Los objetivos para ampliadora se caracterizan por obedecer a una gama de focales fijas que por lo general se relacionan con las diagonales de los formatos del original –negativo o diapositiva– que deben cubrir. Así, por citar los más comunes, los de 50mm están destinados al 24×36 mm, los de 75 u 80 mm para el 6×6 cm, los de 90 o 105 mm para el 6×7 cm y 6×9 cm y los de 150 mm para las placas de 9x 12 cm y 4×5”. Algunos menos comunes son el 40 mm para 24×36 mm, ligeramente angular para facilitar ampliaciones mayores sin elevar mucho la columna y los del entorno de los 28 mm de focal para el medio formato –»half frame»– de 18×24 mm o los subminiatura (1).
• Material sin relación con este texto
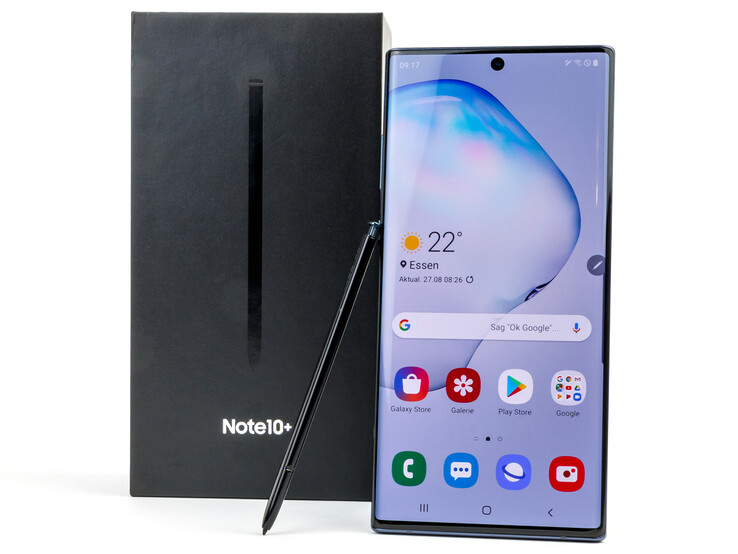 Samsung Galaxy Note10 5G SD855 - Specifications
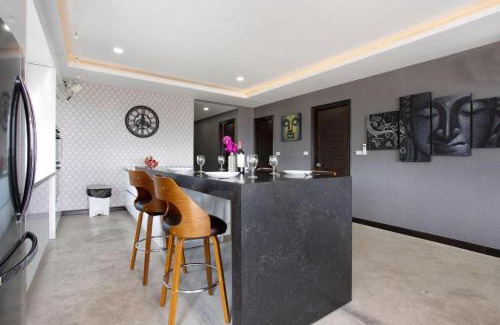 Chalong Apartment | Seyah Apartments Chalong - 3 Bedroom Luxury Apartments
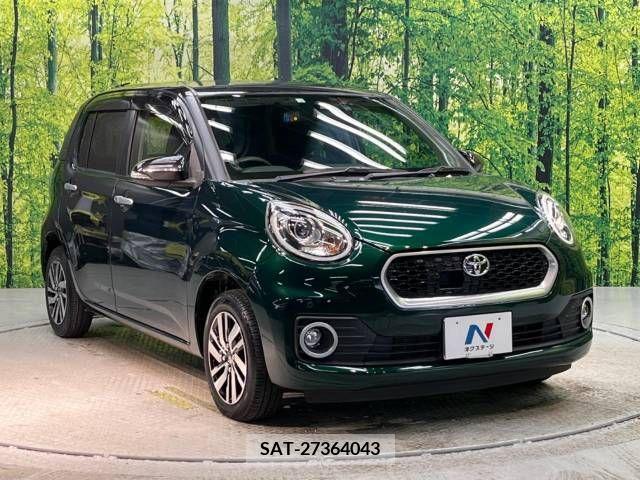 Toyota PASSO 2018-03 248319-17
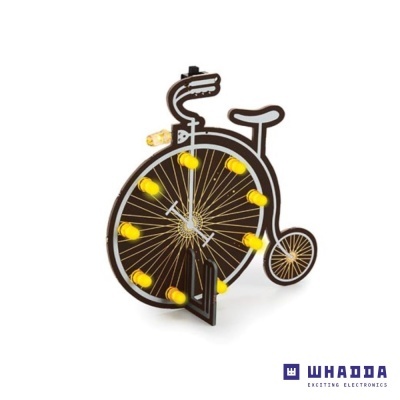 Kit de Montagem Bicicleta WHADDA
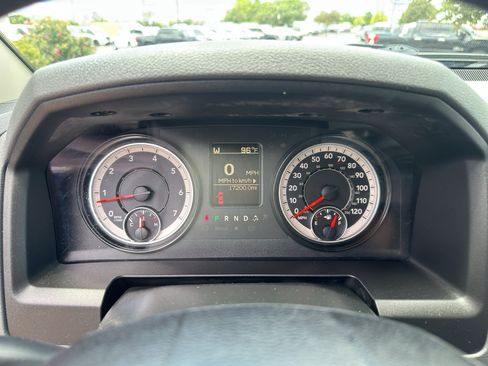 Used 2016 RAM 1500 Tradesman w/ Popular Equipment Group AWD/4WD image 21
Pero… ¿un objetivo zoom? Nunca… o ¿quizá sí? Todo cambia cuando entramos en el terreno profesional-industrial.

Diseño y construcción

El Schneider-Kreuznach Betavaron sigue un esquema óptico de 10 grupos a partir de 10 lentes (2), y su focal puede variar de 50 mm a 125 mm, pero está destinado a cubrir solamente los negativos de 24×36 mm y de hecho ello de forma muy crítica (3). Con grupos de lentes frontal y posterior estáticas, dos levas realizan los movimientos interiores de lentes para producir las variaciones de focal.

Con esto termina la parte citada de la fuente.